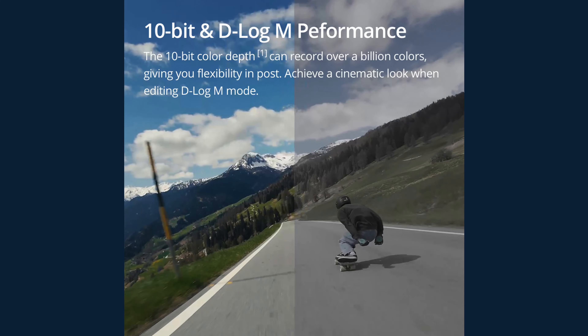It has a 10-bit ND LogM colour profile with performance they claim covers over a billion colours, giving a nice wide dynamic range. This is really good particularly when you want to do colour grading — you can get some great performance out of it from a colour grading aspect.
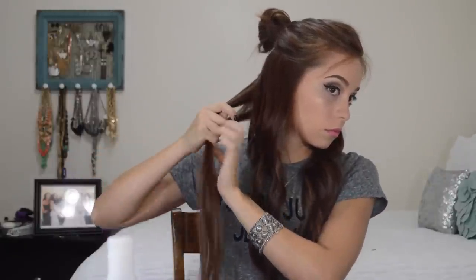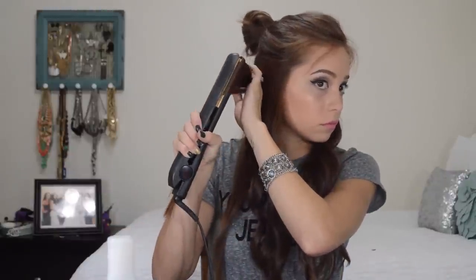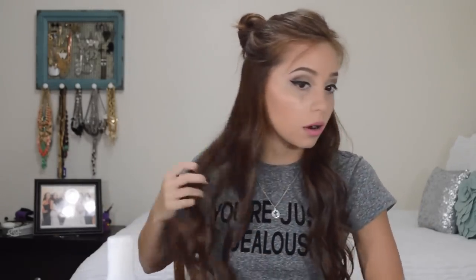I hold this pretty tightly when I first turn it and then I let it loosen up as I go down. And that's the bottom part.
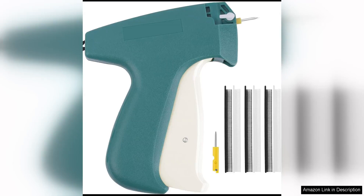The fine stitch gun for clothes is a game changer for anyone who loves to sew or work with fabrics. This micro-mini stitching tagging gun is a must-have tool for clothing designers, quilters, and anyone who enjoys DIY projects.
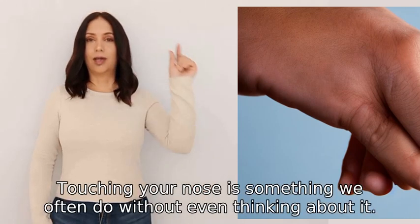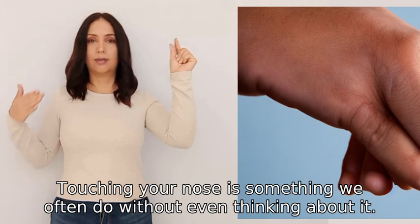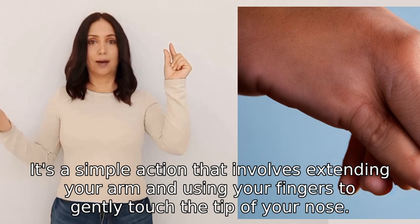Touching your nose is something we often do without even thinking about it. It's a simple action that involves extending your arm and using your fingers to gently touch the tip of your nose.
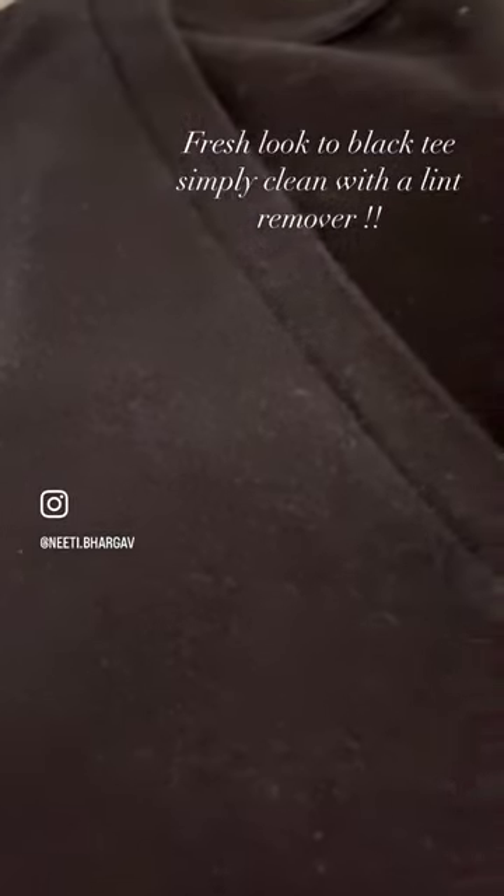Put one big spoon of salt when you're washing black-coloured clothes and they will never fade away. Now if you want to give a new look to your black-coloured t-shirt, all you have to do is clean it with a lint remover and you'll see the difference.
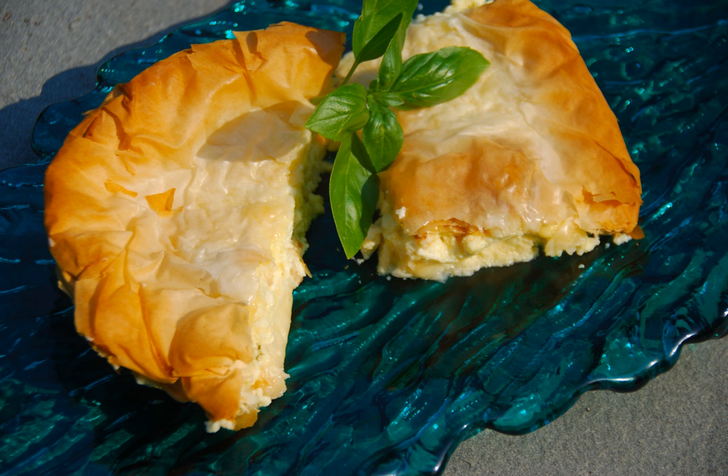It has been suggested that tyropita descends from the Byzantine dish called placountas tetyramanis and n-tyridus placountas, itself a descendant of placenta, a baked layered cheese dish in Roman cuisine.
==
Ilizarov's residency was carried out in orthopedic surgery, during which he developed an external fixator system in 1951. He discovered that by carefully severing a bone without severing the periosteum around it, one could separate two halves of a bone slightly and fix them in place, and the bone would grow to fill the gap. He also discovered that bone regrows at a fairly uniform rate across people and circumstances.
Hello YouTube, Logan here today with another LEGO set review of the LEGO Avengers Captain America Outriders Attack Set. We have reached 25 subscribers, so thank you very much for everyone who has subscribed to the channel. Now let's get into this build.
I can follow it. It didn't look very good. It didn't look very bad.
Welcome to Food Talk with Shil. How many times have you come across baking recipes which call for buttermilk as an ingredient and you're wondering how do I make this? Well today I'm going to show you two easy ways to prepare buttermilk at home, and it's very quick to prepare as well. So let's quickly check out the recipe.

▶ _Required action_:
Going back to the entries above, set down exactly the lines that begin at the one with "Ilizarov's residency was" and end at the one with "I can follow", both included, and nothing else.

▶ _Written answer_:
Ilizarov's residency was carried out in orthopedic surgery, during which he developed an external fixator system in 1951. He discovered that by carefully severing a bone without severing the periosteum around it, one could separate two halves of a bone slightly and fix them in place, and the bone would grow to fill the gap. He also discovered that bone regrows at a fairly uniform rate across people and circumstances.
Hello YouTube, Logan here today with another LEGO set review of the LEGO Avengers Captain America Outriders Attack Set. We have reached 25 subscribers, so thank you very much for everyone who has subscribed to the channel. Now let's get into this build.
I can follow it. It didn't look very good. It didn't look very bad.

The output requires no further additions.